In der Absicht, den Graben zwischen einem Mittelalter, das oft zu stark als von Ritualen und Symbolen geprägt betrachtet wird, und einer Neuzeit, die von einem plötzlichen Aufkommen der Realpolitik nach 1648 gekennzeichnet gewesen sein soll, zu überwinden, wird es unser Bestreben sein, den Fokus auf Kontinuitäten zu legen, zumal diese aufgrund eines immer noch stark teleologischen Ansatzes der politischen Geschichte oftmals verkannt werden, ohne dabei jedoch Brüche und Diskontinuitäten außenvorzulassen.
Trotz des begrenzten Untersuchungszeitraums könnten durch einen solchen epochenübergreifenden Ansatz verschiedene Erscheinungs- und Nutzungsformen des Konzeptes der „Natürlichkeit“ und die jeweiligen zugrundeliegenden Mechanismen offengelegt und analysiert werden. Sie im Einzelnen zu identifizieren, ist aber allenfalls im Rahmen einer vergleichenden und interdisziplinär angelegten Auseinandersetzung möglich, die in Bezug auf derartige Fragen bis zum jetzigen Zeitpunkt indes noch nicht versucht wurde.
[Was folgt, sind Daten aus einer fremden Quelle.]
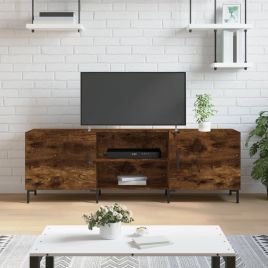 TV Cabinet Smoked Oak 150x30x50cm Engineered Wood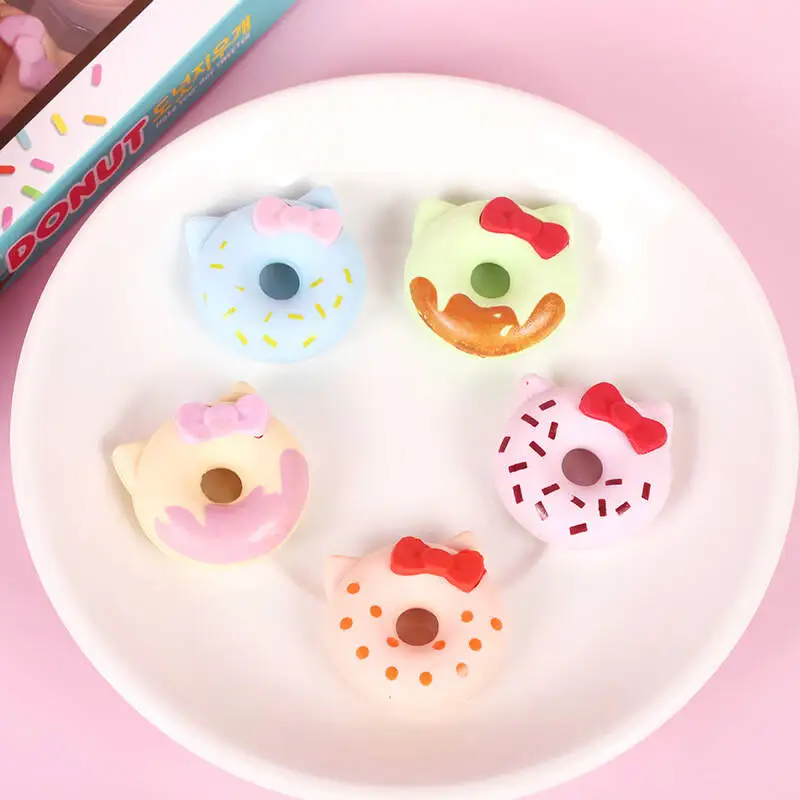 1-2 Set Cartoon Cat Kawaii Kitten Cute Candy Color Rubber Eraser Set Stationery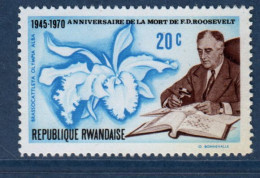 Rwanda, **, Yv 392, Mi 422A, SG 391, F.D. Roosevelt Et Orchidée Brassocattleya Olympia Alba - Unused Stamps
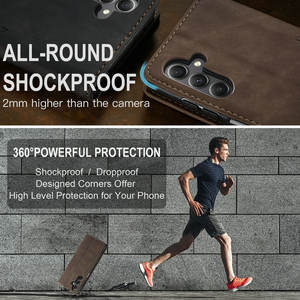 Étui en cuir à rabat magnétique durable de luxe du fournisseur d'origine pour Samsung pour Galaxy A14 A24 A34 A54 A74 étui de téléphone portefeuille - Product Image 6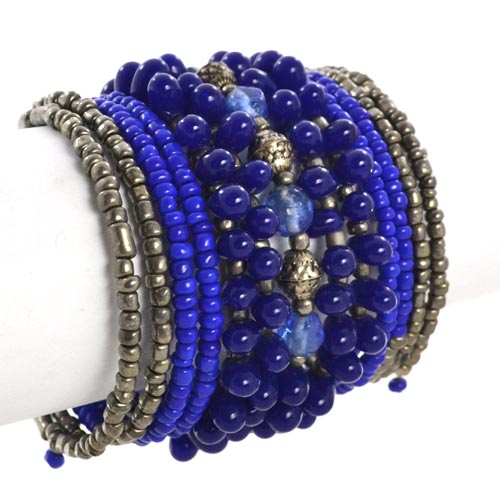 Metallic Mermaid Navy & Brass Beaded Bracelet Gifts Gift Ideas Gifting Made Simple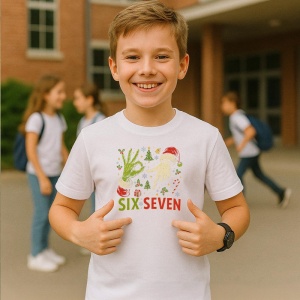 Tricou SIX SEVEN 67 Maini Craciun Artistic, din bumbac 100%, tricou alb, Copii | Dama | Barbat - Img 2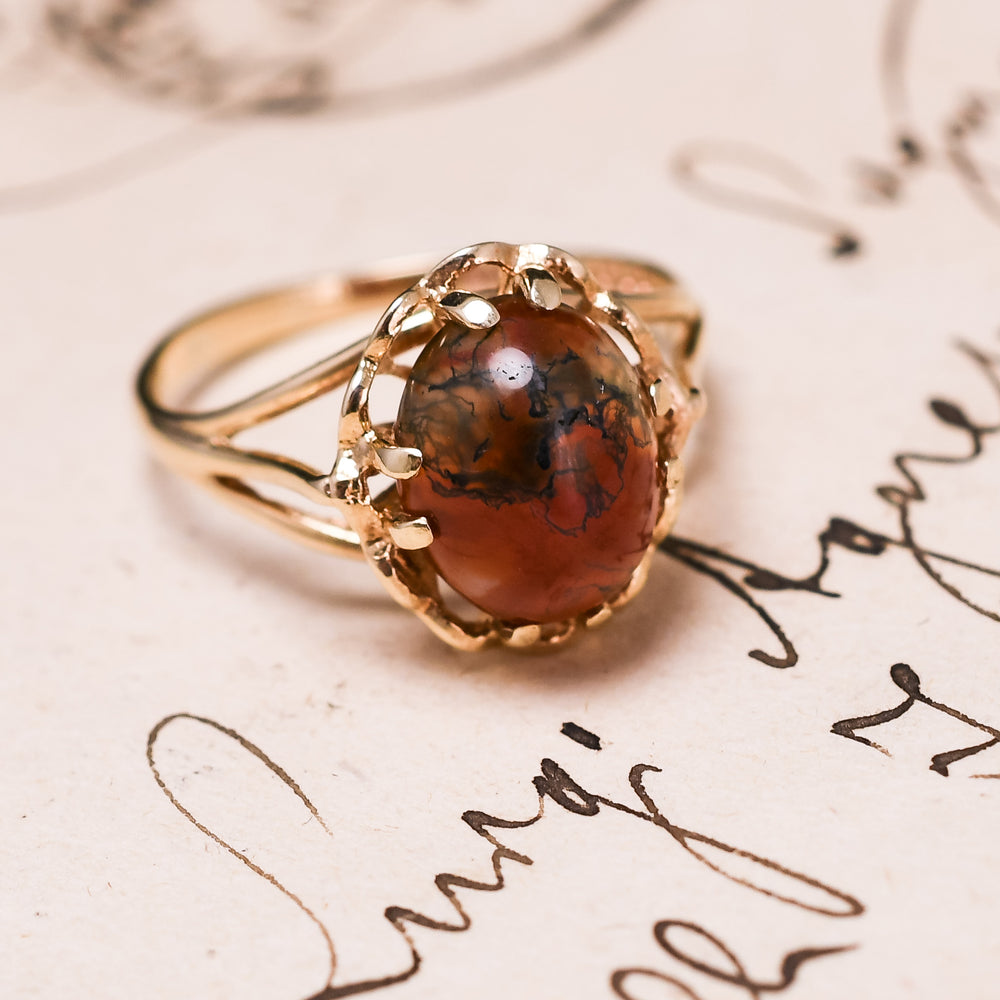 Vintage Red Moss Agate Ring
Ziel dieser beiden Studientage (Universität Luxemburg, 28.-29. November 2019; Österreichische Akademie der Wissenschaften, Wien, 2.-3. April 2020) ist es daher, sich dem Konzept der „Natürlichkeit“ aus einer diachronen (1300-1800), interdisziplinären und vergleichenden Perspektive auf der Ebene der europäischen dynastischen Staaten zu nähern, um so ein differenziertes und zugleich möglichst flächendeckendes Bild zeichnen zu können. Im Mittelpunkt der Analyse stehen sowohl das Funktionieren der Macht auf den verschiedenen Ebenen (Gerichte, Kanzleien, Städte, repräsentative Versammlungen usw.), alternative Experimente, insbesondere im religiösen Bereich (Papsttum, Religionsgemeinschaften, Räte), als auch Diskurse, die eine Weltsicht und ein Machtkonzept vermitteln (Religionsverträge, Politik, höfliche Literatur), um einen differenzierten Überblick über die Nutzung von „Naturalichkeit“ zu geben.
Beide Studientage sind gleichermaßen als eine Fortsetzung des Projekts FNR/CORE (Luxembourg) LUXDYNAST, Europe and the House of Luxembourg. Governance, Delegation and Participation between Region and Empire (1308-1437) (2015-2018) über die Herrschaftsbildung der Luxemburger zwischen 1308 und 1437 in einer Vielzahl von unterschiedlich strukturierten Territorien sein, welche aufseiten der Herrschenden ein geschicktes Gleichgewicht zwischen globalem Denken und lokalem Handeln und der Umsetzung angepasster Strategien erfordern, sowie des Projekts GREMIA. Grey Eminences in Action: Personal Structures of Informal Decision-Making at Late Medieval Courts (2019-2022), in dessen Rahmen Funktionsweisen informeller Machtausübung im spätmittelalterlichen Europa und deren Verhältnis zu Ideologien untersucht werden.